Harkness is the way of teaching here at Phillips Exeter. This is one of the unique features of Exeter. Such method is new to some students and it takes time to adjust to the way of discussion-based classes.

The Harkness table, Harkness method, or Harkness discussion, is a teaching and learning method involving students seated around a large, oval table to discuss ideas in an encouraging, positive and open-minded environment with little teacher’s intervention.

Harkness tables are not only used in PEA, but also in other private boarding schools such as Milton Academy, Phillips Andover Academy,  Deerfield Academy, and Choate Rosemary Hall, among others.

Exeter Summer session is almost half way through and students are gradually getting used to discussions, spreading ideas and making comments to each other.

Madeline Sloan is one of the four Australian students of Phillips Exeter Summer 2017. Age 14, she has been to the U.S multiple times. Every time it takes 24 hours of flight from Sydney, Australia, to the U.S. Harkness was completely new to her. In Australia, classes are lecture-based rather than discussion based.

It gave her the opportunity to communicate with classmates and teachers. She said she wasn’t used to it at first. But after a little while, once she got used to it, it felt comfortable and nice. “Harkness is really great because it is really interesting to learn off everyone else and be able to share and compare knowledge,” said Madeline, “And while it was hard to adjust at first I am now becoming more used to talking and participating.” 

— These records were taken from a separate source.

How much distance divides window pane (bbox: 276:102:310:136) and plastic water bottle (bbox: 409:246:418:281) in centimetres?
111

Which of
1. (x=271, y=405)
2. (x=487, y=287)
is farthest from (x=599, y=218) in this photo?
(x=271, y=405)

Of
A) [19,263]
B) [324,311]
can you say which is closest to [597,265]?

She also said that her favorite class was politics because it’s a great opportunity to talk to people with different and diverse political views coming from different backgrounds. Meanwhile, it is challenging for her to think on a deep level about political issues. “Also, it’s cool because we don’t have any politics classes or anything similar in Australia,” said Madeline.

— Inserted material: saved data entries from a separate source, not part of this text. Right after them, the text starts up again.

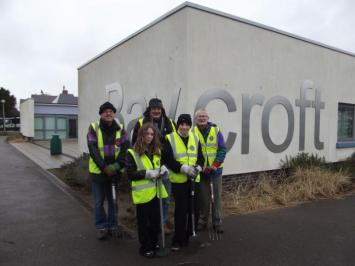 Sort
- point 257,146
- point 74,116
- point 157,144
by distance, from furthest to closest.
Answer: point 74,116
point 257,146
point 157,144

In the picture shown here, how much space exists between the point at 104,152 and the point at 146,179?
33.7 inches

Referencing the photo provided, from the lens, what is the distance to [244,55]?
23.1 feet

Andy Chang is 17 years old from New Jersey. He mentioned that in his school, lessons are taught mainly by lecture rather than discussion. Harkness is different from the way normal teachers teach where he lives. Right now, discussion is the way of learning for him. He said that in his leadership class he was able to expand his horizons and concepts when understanding the meaning of leadership.

Such method enabled him to create new ideas and promote positivity. At first, he was challenged by this new method too. He’s outspoken, and able to contribute in different environments. In some classes of his, according to Andy, students are quieter and he has the responsibility to provoke a conversation. From a small area in New Jersey, he has the chance to meet more people from different backgrounds and religions here at Exeter both through classes and free time. For him personally, this is an opportunity to enjoy the positive energies in classes. “Culture is what expands horizons that creates tomorrow,” said Andy, “ Within learning about others from other regions of the world sparks individuality and creativity.”

Chris Papachristodoulou is 16 years old from Greece. According to him, he was taught differently and Harkness is an interesting approach. He doesn’t really know how Harkness works in sciences and math because these subjects are based on facts. But subjects like economics are perfect because they provoke thoughts and ideas. It is challenging for him because he has to find the right thing to say in class—things that are contributing to the conversation. It’s important for him to come to class prepared with discussions.

Haden Smith, Age 16, is from North Carolina. He got used to the Harkness method by listening to others who grasp the ideas. Slowly, he worked himself in and gave input to the conversation. According to Haden, on one hand, Harkness is interesting. On the other hand, if he comes to class unprepared, it would be a lot more difficult. “Exeter is very unique because it brings out the best in people, “ said Haden, “Even though we come from multiple parts of the world, religions, and social classes, under the same program, we can all be united. Free free from labels and other such things.”

Indeed, Harkness is an innovative way of teaching compared to the traditional lecture-based method. Each has its own advantages. But what makes Exeter unique is that everyone can contribute to the table, and be treated the same. Students feel free to express their own thoughts such that new ideas, concepts and bonds will then be created.